▶ _Try it_:
Wherever a picture appears, leave it out, and transcribe the rest of the records exactly.
-------- Provided records --------
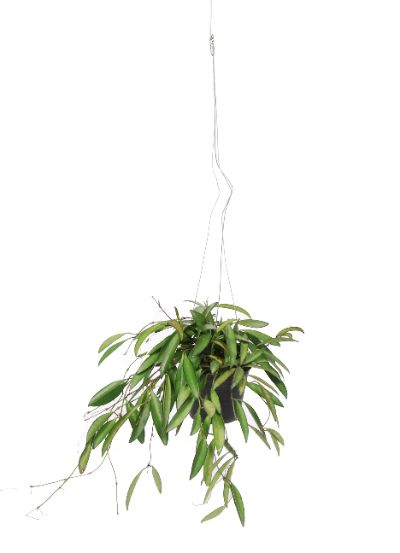 Hoya Carnosa 'Tricolor' - Wax Plant Hanging Basket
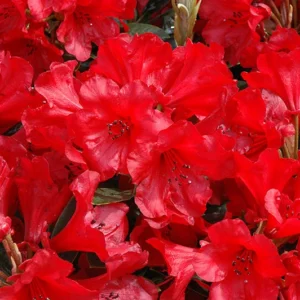 Red Rhododendron Plant Gallon Pot Size - The Honourable Jean Marie de Montague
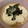 ピーナッツ子♪'s cooksnap of when they made 簡単すぎる♪シンプルとろろごはん.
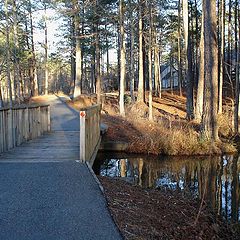 photo "At the bridge."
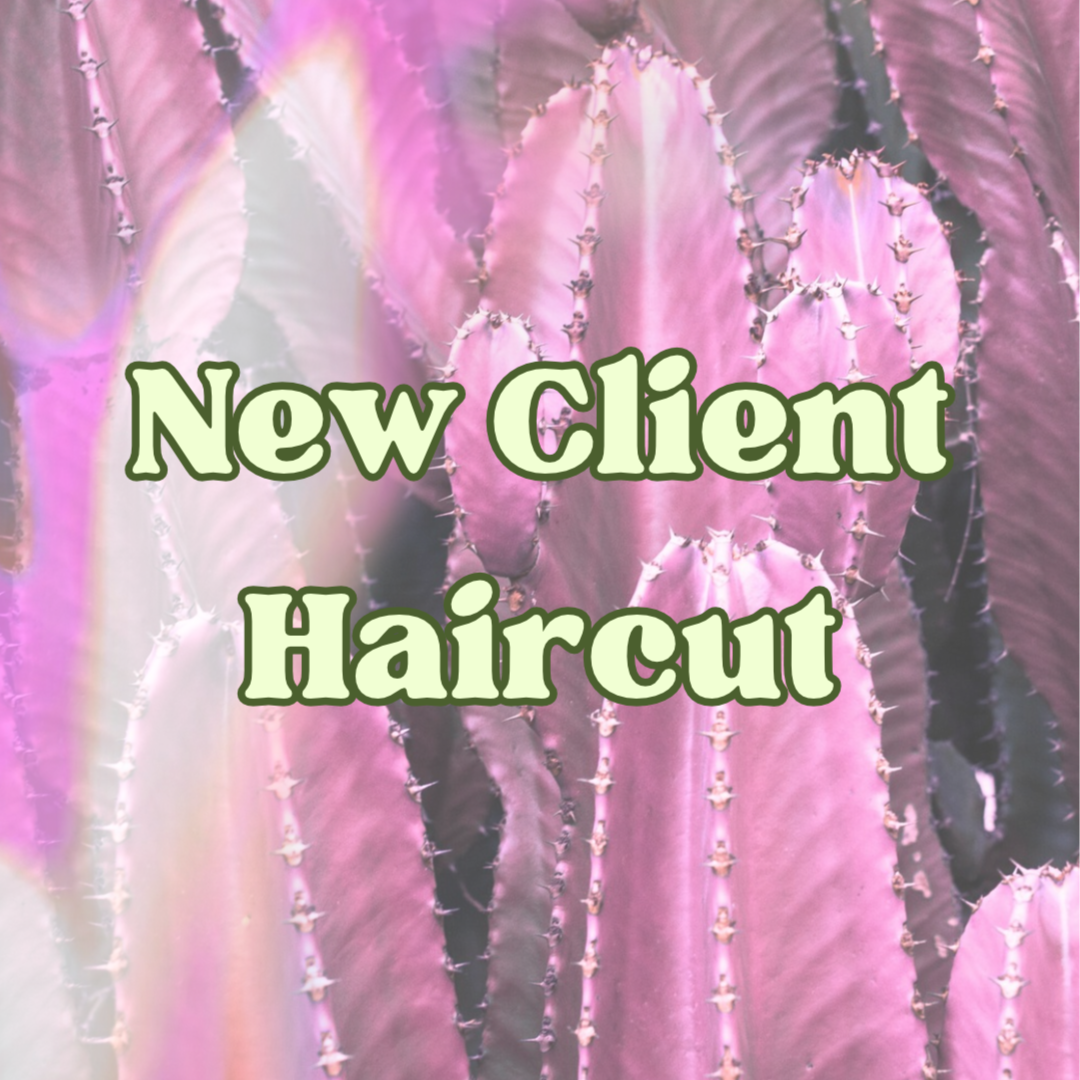 New Client Haircut at Hailey Kay Hair in Minneapolis, MN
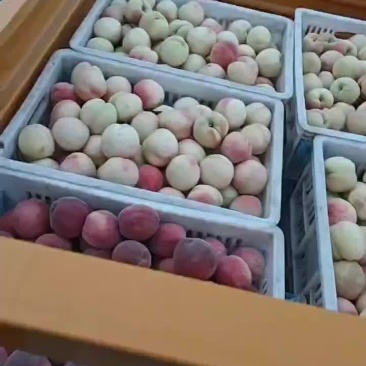黄桃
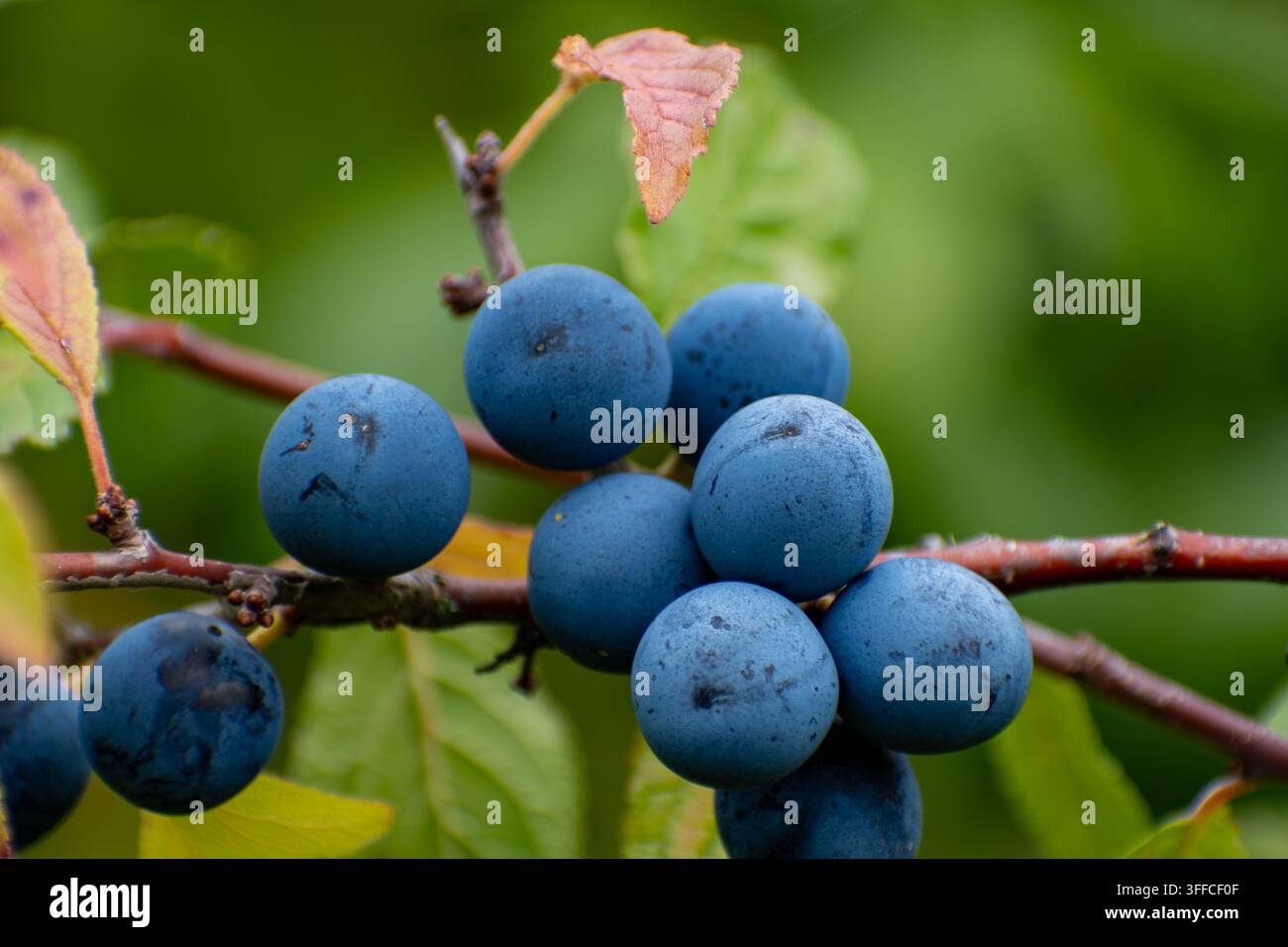 Bacche di prunella blu scuro che maturano su un ramo in un giardino Foto Stock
--------
▶ _Result for this task_:
 Hoya Carnosa 'Tricolor' - Wax Plant Hanging Basket
 Red Rhododendron Plant Gallon Pot Size - The Honourable Jean Marie de Montague
 ピーナッツ子♪'s cooksnap of when they made 簡単すぎる♪シンプルとろろごはん.
 photo "At the bridge."
 New Client Haircut at Hailey Kay Hair in Minneapolis, MN
黄桃
 Bacche di prunella blu scuro che maturano su un ramo in un giardino Foto Stock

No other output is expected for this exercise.